From Eastern Approaches
by Fitzroy Maclean
[Editor’s note: The following observations concerning guerrilla operations in Jugoslavia during the Second World War are reminiscent of the guerrilla phase of the Anglo-Boer War (1899-1902). In Commando – Of Horses and Men, Deneys Reitz says the following: ‘My father said that guerrilla war was better suited to the genius of the Boer people than regular field operations. He spoke of George Washington and Valley Forge, and of other seemingly lost causes that had triumphed in the end, and although we did not altogether share his optimism (for we had the memory of demoralised men and flying columns fresh in our minds), yet his faith cheered us tremendously.’

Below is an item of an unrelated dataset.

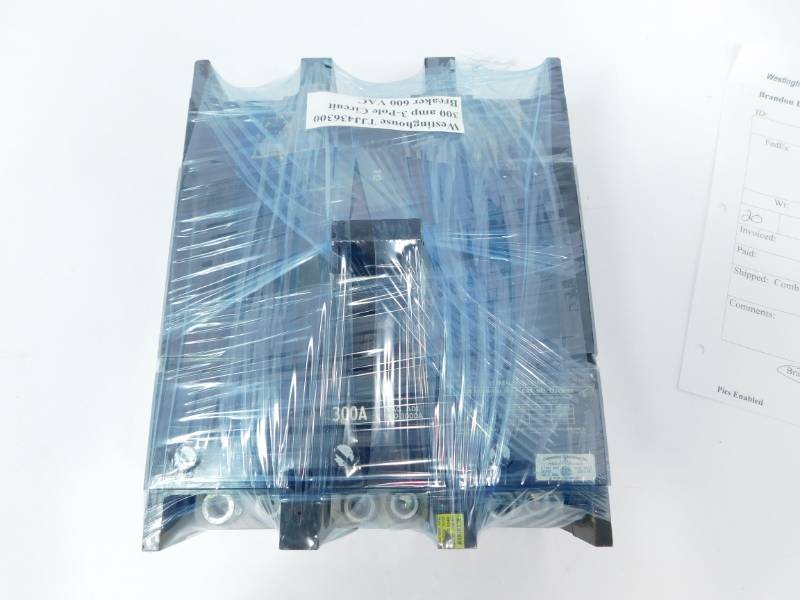 Westinghouse TJJ43600  300 amp 3-Pole Circuit Breaker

Think of the heroic guerrilla-war achievements of De la Rey and De Wet, and of Smuts during his incursion into the Cape Colony; think of the intensity of the resistance of the civilian Boer population in the face of the enemy’s ‘methods of barbarism’; and the similarities with what follows will be readily apparent.]
Strategically the situation was well suited to irregular operations. Everything in Jugoslavia favoured the guerrilla: the enemy’s long drawn-out lines of communication, his isolated garrisons and installations. The terrain, too, was well-suited to the purpose. In the hills and woods the Partisans had a background for their operations which could be made to serve at will as a base, as a jumping-off point, as space in which to manoeuvre, as a place in which to hide. It was an element as essential to their kind of warfare as the sea to naval warfare. By emerging unexpectedly from it they were able to achieve the surprise which is the essence of irregular operations. By fading back into it, once their immediate task was completed, they could deny the enemy any solid target at which to strike back. They enjoyed, too, the support of a civilian population deeply imbued with the tradition of resistance to the foreign invader, Teuton or Latin, Magyar or Turk.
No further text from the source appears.